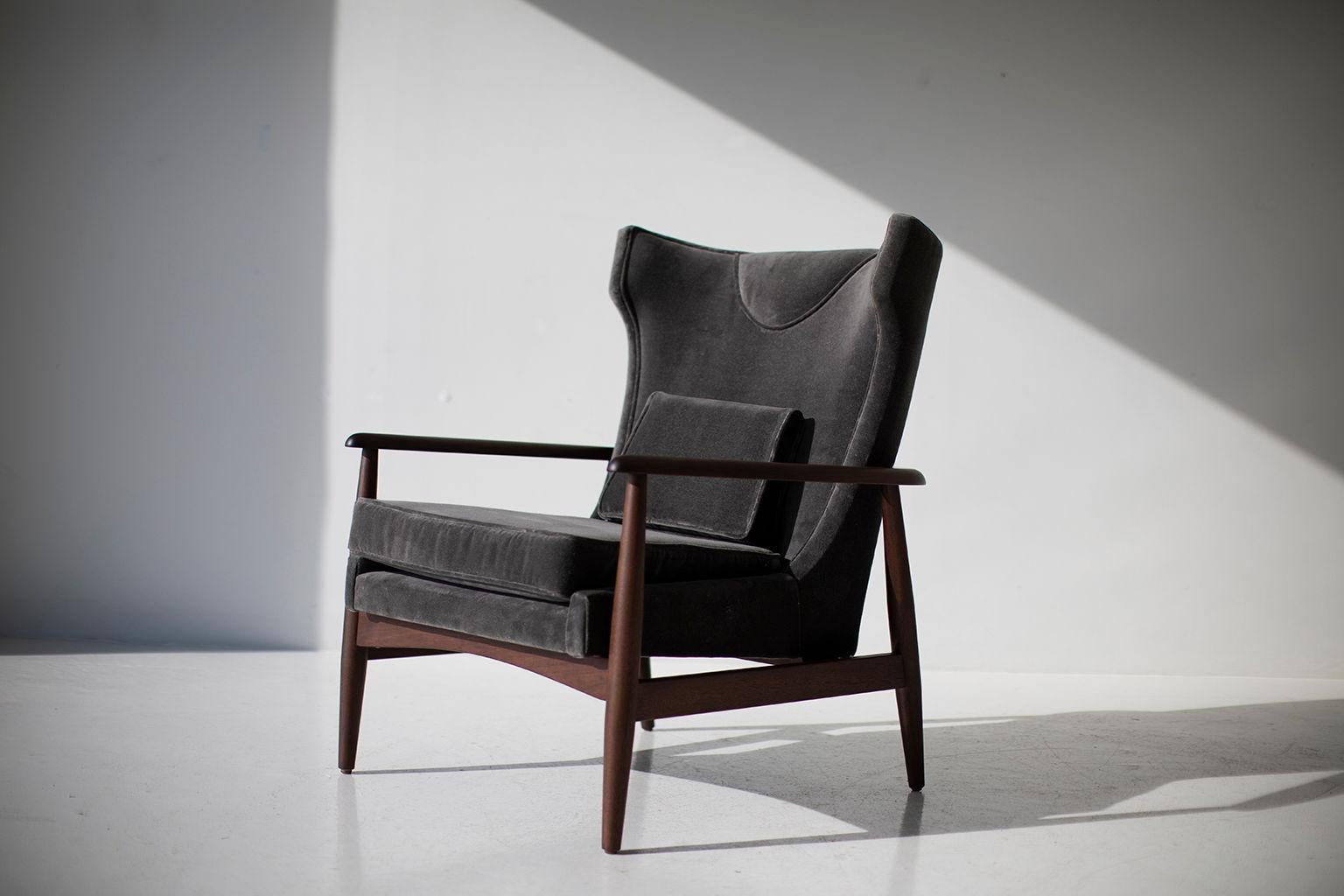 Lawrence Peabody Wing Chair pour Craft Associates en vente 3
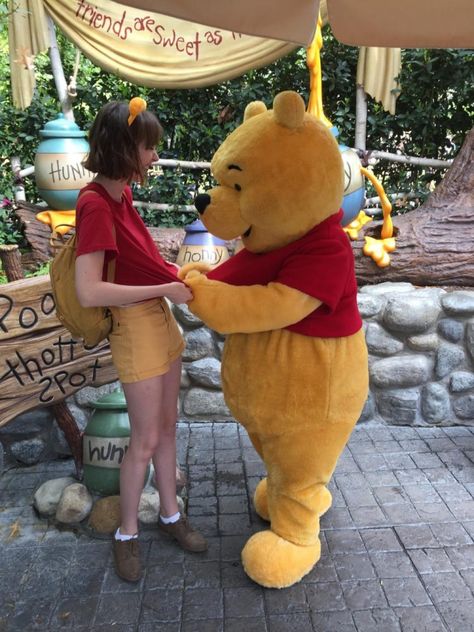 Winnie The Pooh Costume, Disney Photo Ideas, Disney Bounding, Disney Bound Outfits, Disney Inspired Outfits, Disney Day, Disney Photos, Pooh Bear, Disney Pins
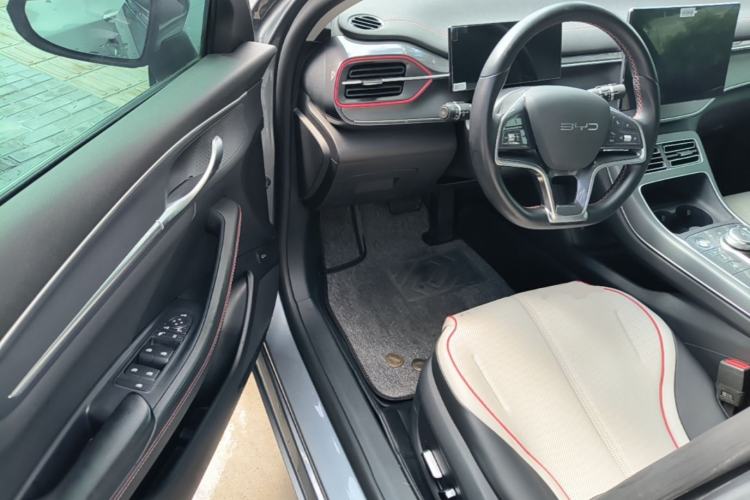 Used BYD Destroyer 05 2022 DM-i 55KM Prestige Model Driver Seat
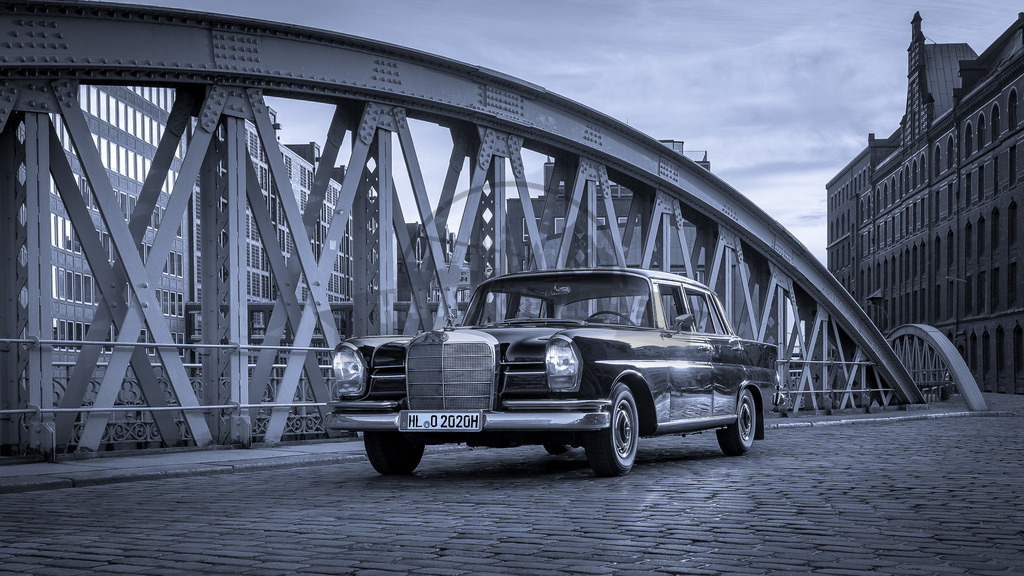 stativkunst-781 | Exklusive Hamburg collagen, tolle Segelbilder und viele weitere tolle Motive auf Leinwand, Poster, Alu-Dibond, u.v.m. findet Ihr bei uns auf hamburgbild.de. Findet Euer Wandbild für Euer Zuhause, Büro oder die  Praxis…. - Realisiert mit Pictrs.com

* * *

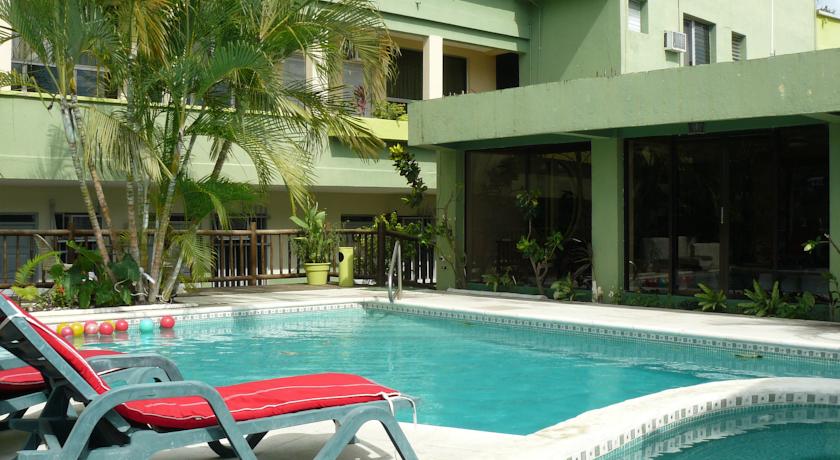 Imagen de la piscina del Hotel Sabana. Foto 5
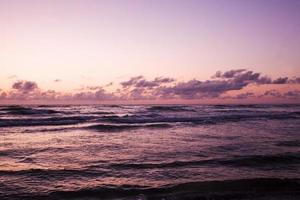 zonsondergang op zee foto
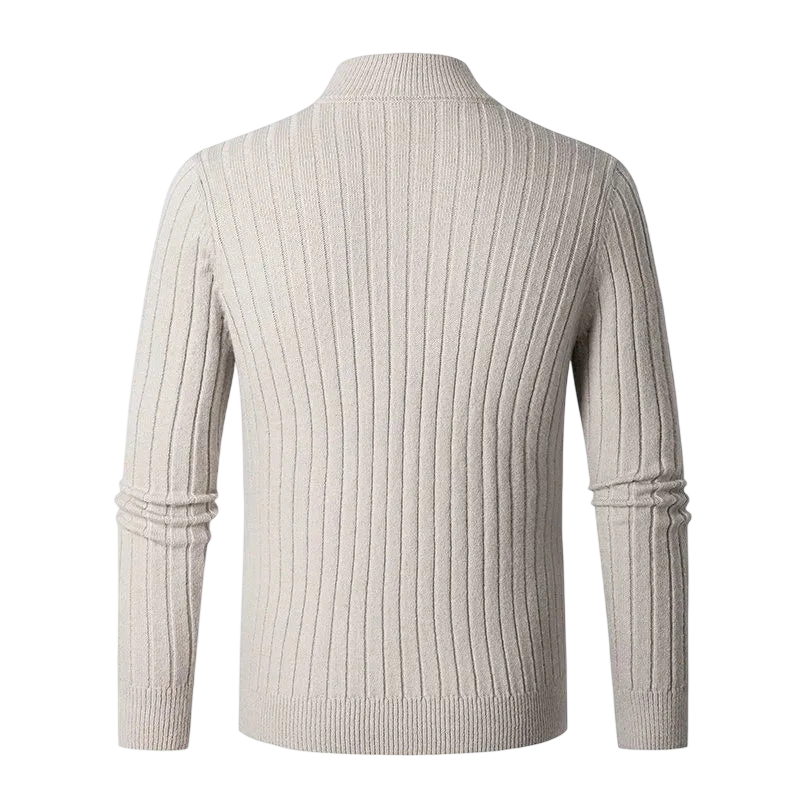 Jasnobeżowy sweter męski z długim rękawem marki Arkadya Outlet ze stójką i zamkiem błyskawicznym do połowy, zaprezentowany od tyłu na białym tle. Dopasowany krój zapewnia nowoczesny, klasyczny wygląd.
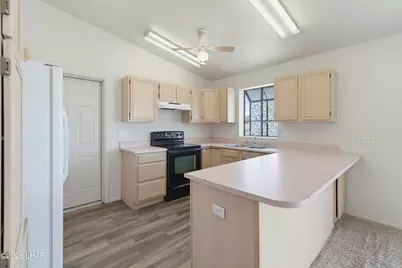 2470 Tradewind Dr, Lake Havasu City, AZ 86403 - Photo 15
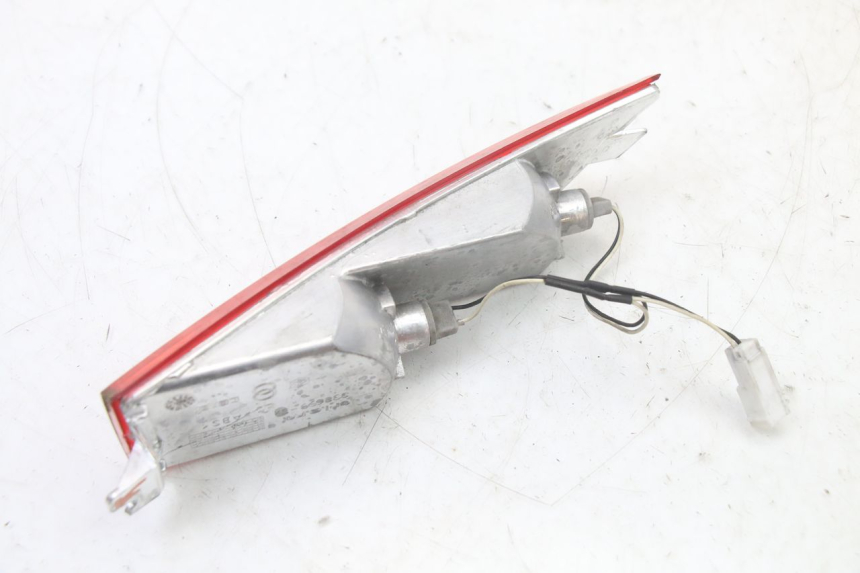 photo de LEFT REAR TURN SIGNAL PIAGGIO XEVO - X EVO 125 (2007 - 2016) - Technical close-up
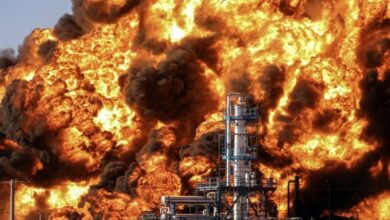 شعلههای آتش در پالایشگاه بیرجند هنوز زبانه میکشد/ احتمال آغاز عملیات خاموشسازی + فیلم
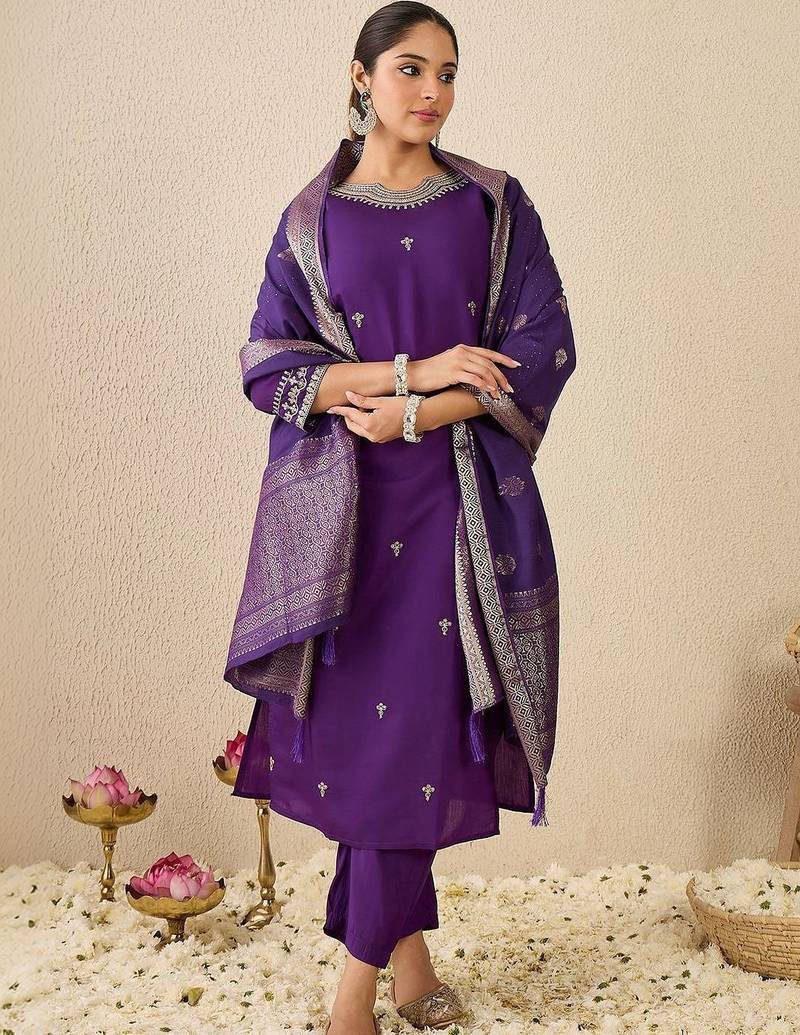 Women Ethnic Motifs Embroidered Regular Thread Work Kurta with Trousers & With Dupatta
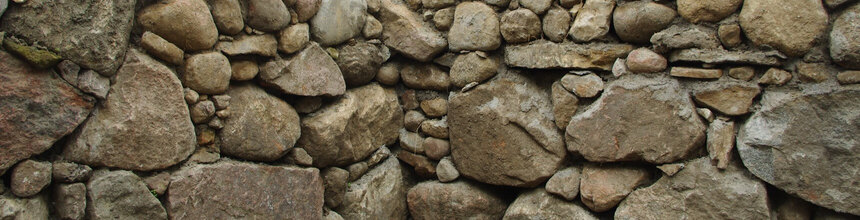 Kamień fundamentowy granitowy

_REQUIRED ACTION:_ The reply should hold the entries above from the line with "Lawrence Peabody Wing" to the line with "Used BYD Destroyer", duplicated exactly, pictures excluded.

_EXERCISE ANSWER:_
 Lawrence Peabody Wing Chair pour Craft Associates en vente 3
 Winnie The Pooh Costume, Disney Photo Ideas, Disney Bounding, Disney Bound Outfits, Disney Inspired Outfits, Disney Day, Disney Photos, Pooh Bear, Disney Pins
 Used BYD Destroyer 05 2022 DM-i 55KM Prestige Model Driver Seat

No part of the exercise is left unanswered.